Determine how many lines in the listing that follows include "Thumbnail". Answer only with that number.

# Supplied records
********************

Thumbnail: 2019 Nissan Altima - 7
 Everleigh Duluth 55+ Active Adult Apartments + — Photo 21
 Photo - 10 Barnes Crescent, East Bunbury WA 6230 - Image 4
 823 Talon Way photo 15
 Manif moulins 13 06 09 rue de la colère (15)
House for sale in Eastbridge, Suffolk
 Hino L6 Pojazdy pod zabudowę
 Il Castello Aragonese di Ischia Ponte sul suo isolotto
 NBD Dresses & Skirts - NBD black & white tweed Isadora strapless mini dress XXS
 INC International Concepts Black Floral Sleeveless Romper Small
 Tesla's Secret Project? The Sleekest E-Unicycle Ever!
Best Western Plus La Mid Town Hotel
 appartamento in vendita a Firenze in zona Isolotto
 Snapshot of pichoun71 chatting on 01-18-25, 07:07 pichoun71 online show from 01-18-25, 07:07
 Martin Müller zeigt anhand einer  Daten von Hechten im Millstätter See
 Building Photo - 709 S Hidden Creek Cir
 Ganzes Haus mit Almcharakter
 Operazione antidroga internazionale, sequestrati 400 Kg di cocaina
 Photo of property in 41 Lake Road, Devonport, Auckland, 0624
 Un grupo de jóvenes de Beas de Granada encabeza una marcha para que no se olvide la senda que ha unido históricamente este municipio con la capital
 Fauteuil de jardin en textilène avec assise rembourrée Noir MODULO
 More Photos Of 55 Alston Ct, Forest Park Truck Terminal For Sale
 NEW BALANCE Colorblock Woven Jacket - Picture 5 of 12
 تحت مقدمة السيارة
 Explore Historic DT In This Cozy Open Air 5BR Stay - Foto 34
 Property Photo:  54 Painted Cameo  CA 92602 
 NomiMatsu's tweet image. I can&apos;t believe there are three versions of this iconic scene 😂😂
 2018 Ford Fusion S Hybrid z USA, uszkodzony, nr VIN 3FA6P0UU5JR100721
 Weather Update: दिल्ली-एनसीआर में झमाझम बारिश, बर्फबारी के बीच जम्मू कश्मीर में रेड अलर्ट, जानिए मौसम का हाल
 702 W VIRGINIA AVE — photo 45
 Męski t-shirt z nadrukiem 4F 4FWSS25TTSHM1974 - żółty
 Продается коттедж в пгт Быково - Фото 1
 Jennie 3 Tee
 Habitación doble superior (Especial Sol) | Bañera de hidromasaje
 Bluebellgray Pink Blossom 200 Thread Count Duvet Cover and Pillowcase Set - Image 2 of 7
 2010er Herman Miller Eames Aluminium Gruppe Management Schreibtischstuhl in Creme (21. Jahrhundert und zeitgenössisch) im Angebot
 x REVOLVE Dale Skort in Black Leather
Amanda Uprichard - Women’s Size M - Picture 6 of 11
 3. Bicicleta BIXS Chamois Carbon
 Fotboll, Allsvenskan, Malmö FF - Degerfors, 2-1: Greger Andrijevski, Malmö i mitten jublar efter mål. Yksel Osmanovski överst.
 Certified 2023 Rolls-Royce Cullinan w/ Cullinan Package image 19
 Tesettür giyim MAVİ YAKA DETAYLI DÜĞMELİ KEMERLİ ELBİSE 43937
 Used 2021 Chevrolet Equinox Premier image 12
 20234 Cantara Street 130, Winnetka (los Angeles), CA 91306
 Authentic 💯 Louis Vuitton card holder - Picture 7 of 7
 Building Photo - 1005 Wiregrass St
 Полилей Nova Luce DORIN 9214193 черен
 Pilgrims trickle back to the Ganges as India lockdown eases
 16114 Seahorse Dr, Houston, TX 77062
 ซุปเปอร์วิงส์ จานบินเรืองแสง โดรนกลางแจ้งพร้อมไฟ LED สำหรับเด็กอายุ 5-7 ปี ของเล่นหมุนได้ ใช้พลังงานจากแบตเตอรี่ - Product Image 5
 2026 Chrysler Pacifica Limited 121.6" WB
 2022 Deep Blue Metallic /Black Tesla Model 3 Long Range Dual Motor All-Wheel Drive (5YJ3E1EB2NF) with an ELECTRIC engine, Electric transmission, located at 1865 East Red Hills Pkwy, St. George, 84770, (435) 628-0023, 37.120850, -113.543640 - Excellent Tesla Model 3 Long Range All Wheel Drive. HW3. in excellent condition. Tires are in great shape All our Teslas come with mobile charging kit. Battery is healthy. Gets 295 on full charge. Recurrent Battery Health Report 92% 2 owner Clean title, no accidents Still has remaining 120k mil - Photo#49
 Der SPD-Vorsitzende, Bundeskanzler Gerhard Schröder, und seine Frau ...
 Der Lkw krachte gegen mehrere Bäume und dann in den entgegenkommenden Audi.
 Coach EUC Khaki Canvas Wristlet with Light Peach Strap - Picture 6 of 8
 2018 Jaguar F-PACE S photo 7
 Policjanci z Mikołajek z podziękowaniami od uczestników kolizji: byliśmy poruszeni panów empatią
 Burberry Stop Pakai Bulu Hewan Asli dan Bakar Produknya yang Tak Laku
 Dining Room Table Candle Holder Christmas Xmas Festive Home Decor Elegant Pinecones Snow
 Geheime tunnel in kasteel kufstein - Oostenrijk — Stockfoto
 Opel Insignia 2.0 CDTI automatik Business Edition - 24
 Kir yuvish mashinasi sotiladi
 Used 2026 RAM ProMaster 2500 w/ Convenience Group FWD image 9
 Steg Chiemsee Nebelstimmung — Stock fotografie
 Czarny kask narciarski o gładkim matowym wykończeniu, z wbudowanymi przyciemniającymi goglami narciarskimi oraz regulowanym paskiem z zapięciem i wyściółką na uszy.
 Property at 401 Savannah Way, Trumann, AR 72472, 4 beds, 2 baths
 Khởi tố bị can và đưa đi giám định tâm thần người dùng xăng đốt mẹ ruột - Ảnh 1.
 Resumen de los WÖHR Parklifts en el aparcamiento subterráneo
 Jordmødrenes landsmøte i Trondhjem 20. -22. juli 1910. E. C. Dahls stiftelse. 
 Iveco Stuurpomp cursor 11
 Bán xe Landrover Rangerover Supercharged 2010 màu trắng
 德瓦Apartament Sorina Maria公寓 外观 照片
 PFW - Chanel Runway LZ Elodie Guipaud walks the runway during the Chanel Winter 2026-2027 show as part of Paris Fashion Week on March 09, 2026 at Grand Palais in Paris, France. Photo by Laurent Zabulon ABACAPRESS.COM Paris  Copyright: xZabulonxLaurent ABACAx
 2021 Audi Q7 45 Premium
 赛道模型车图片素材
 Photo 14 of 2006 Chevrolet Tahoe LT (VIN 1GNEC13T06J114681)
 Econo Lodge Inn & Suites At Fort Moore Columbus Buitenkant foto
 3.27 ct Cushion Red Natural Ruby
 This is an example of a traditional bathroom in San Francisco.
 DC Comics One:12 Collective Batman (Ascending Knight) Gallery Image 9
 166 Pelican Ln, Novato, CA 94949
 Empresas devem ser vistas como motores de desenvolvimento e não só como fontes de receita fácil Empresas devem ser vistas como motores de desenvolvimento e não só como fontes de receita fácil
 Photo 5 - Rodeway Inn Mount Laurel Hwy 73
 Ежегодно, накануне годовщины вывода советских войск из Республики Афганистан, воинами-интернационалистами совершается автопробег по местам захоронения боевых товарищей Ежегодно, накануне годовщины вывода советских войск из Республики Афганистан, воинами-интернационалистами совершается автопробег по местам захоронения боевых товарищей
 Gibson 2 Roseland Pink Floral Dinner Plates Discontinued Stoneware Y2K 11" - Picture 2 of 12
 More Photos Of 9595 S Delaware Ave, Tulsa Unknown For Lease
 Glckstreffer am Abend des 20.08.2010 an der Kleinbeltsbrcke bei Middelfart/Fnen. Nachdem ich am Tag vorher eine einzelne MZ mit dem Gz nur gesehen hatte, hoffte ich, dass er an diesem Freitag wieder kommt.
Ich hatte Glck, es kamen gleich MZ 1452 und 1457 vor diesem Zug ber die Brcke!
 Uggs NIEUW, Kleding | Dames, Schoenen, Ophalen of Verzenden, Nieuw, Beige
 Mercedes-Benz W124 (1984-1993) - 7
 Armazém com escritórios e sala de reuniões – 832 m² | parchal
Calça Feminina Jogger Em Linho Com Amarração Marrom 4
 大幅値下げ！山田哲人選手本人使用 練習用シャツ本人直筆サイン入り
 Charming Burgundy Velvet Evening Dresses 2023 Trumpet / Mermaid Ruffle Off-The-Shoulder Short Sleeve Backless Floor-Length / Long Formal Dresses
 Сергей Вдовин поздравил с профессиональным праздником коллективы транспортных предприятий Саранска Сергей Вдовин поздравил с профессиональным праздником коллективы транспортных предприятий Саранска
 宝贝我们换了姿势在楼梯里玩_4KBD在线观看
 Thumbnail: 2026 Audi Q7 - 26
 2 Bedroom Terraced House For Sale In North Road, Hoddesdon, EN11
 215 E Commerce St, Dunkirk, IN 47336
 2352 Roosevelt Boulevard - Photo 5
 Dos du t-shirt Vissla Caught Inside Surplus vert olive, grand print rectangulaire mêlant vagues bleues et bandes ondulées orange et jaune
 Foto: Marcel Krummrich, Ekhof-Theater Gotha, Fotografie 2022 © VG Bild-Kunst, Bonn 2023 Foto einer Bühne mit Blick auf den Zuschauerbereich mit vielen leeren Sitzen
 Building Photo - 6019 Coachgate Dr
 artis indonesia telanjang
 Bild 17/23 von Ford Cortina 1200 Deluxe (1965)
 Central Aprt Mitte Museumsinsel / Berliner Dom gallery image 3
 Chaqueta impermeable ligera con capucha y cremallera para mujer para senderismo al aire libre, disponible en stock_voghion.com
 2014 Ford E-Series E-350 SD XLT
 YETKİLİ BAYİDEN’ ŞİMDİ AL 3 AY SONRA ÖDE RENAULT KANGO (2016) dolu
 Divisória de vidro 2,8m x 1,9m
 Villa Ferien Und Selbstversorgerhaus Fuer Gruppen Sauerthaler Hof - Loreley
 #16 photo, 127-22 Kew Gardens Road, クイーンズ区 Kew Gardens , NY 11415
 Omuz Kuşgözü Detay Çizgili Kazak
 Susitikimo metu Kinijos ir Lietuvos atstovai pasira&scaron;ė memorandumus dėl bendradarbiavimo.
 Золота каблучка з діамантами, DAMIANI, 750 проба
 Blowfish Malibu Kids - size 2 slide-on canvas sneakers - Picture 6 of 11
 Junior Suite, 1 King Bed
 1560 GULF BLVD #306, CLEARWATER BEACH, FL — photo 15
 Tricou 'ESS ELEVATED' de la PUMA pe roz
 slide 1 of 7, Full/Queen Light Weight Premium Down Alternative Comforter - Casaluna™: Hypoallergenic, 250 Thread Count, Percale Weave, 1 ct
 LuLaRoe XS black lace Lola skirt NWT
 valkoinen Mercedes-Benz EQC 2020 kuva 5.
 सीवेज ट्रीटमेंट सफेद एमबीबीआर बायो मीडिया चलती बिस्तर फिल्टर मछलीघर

********************

# Exercise answer
2